⚠️ This is a temporary README — a complete one will follow.
Official code for "VideoMDM: Towards 3D Human Motion Generation From 2D Supervision" (project page · paper).
VideoMDM trains 3D human-motion diffusion models (text-to-motion) using only 2D pose supervision extracted from monocular video — no 3D ground truth. It is built on top of MDM (Human Motion Diffusion Model).
This repository follows the structure and conventions of the upstream MDM repository by Guy Tevet. For environment setup, dependency/asset downloads, and the general training / sampling / evaluation workflow, please follow the upstream instructions there:
https://github.com/GuyTevet/motion-diffusion-model
(A VideoMDM-specific README with the exact commands and added options will be added later.)
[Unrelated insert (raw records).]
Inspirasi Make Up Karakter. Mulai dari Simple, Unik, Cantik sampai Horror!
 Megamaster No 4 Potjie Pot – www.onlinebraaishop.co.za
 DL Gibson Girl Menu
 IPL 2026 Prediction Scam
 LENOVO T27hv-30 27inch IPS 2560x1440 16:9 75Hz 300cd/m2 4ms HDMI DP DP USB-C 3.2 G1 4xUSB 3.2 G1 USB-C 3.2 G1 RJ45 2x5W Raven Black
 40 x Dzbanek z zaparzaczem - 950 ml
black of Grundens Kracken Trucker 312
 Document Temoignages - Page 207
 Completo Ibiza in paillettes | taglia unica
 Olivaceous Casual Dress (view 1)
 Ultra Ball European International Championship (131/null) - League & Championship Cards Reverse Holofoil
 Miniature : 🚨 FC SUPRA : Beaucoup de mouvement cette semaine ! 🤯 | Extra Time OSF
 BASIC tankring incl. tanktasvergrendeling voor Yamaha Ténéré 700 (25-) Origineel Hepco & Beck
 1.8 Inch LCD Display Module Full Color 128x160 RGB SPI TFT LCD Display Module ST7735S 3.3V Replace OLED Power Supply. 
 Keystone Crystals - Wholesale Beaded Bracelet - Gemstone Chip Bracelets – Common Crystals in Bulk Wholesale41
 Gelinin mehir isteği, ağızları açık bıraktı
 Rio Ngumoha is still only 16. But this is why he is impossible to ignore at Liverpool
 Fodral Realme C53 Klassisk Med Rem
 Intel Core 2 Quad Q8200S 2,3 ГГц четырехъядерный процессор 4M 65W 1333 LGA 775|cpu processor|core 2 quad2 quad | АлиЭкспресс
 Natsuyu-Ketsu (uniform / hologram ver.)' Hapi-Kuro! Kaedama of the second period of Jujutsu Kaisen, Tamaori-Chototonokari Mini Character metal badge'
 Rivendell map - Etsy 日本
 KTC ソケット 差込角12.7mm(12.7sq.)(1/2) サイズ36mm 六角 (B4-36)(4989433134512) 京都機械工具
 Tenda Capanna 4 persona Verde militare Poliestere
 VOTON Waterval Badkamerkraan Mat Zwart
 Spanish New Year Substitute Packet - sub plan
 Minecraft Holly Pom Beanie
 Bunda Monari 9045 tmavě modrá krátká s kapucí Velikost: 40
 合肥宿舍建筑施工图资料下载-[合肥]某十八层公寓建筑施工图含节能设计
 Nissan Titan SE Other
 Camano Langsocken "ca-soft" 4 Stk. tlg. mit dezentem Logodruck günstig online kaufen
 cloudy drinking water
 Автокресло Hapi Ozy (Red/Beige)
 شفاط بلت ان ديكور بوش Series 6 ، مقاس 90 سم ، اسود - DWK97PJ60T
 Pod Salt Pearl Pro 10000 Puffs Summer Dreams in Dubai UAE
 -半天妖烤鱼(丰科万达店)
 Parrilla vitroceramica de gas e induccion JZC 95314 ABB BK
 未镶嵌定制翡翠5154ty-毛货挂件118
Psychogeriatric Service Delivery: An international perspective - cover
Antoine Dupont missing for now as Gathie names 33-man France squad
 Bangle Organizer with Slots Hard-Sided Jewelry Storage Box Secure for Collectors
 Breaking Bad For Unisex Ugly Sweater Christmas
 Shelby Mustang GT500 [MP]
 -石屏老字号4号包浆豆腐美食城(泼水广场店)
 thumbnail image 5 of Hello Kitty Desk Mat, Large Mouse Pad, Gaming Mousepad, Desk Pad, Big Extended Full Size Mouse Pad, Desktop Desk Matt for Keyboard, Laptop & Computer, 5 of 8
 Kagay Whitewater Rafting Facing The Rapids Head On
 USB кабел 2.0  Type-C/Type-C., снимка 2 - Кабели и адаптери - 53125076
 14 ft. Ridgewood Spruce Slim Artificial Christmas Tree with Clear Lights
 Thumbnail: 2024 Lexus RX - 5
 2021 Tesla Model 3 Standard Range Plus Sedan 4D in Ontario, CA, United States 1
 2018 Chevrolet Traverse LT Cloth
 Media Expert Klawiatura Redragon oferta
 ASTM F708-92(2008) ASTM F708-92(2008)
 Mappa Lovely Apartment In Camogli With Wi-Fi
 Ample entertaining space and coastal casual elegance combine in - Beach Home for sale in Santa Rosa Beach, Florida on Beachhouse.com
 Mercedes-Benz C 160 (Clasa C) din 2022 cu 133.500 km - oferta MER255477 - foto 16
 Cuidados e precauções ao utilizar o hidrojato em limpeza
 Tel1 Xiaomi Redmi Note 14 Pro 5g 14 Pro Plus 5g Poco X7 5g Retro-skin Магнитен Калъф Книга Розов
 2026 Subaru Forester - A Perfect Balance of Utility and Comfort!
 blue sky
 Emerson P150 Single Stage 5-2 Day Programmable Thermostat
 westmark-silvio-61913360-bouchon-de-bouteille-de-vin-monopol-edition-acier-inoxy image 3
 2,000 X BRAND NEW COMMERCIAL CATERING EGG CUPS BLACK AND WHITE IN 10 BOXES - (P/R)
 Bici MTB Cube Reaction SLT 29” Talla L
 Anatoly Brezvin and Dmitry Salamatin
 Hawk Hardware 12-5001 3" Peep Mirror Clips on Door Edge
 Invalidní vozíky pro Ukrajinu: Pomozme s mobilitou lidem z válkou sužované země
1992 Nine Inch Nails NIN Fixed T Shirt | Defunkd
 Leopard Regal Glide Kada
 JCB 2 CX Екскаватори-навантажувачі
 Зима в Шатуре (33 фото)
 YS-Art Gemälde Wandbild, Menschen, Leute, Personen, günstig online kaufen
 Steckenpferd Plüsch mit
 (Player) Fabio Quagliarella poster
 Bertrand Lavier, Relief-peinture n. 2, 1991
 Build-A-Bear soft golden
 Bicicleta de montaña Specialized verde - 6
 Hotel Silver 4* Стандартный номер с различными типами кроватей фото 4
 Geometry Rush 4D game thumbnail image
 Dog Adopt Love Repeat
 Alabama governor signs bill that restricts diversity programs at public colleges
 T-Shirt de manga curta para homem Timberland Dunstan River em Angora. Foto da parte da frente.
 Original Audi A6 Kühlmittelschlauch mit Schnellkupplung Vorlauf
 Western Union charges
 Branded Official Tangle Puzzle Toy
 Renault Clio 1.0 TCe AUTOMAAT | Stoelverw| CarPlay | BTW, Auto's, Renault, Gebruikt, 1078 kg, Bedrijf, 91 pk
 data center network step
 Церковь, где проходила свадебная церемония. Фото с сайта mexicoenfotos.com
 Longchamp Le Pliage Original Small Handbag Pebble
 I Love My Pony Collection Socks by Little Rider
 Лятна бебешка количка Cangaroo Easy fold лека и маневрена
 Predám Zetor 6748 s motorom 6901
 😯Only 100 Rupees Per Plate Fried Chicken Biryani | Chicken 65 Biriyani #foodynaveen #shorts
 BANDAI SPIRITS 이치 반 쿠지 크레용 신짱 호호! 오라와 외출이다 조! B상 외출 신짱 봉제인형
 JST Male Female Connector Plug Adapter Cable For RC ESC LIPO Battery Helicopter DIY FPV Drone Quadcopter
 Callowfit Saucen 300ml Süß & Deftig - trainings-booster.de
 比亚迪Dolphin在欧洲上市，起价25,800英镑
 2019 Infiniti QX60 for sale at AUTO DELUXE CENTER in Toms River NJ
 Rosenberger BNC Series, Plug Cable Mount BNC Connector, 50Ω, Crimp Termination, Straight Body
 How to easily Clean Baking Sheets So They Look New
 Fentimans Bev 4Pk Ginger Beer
Our trained checkpoints for the three datasets in the paper are hosted on the Hugging Face Hub:
https://huggingface.co/AmirMann/VideoMDM
| Dataset | Lifter / teacher | Folder |
|---|---|---|
| HumanML3D | MVLift | HUMANML3D_VIDEOMDM_ON_MVLIFT/ |
| Fit3D | WHAM | FIT3D_VIDEOMDM_ON_WHAM/ |
| NBA | ElePose | NBA_VIDEOMDM_ON_ELEPOSE/ |
Each folder contains the model weights (model*.pt) and its args.json. Download with:
pip install -U huggingface_hub
hf download AmirMann/VideoMDM --local-dir ./saveThis places the checkpoints under ./save/<FOLDER>/. To use one, point --model_path at its
.pt file (the matching args.json in the same folder is loaded automatically), e.g.:
python -m sample.generate --model_path ./save/HUMANML3D_VIDEOMDM_ON_MVLIFT/model000600091.ptThe data-processing code and the processed datasets are not part of this initial release. They will be made available later, subject to the licenses of the underlying datasets (e.g. AMASS and Fit3D).
Released under the MIT License. Note that dependencies and datasets (CLIP, SMPL/SMPL-X, AMASS, Fit3D, NBA, etc.) carry their own licenses that must also be followed.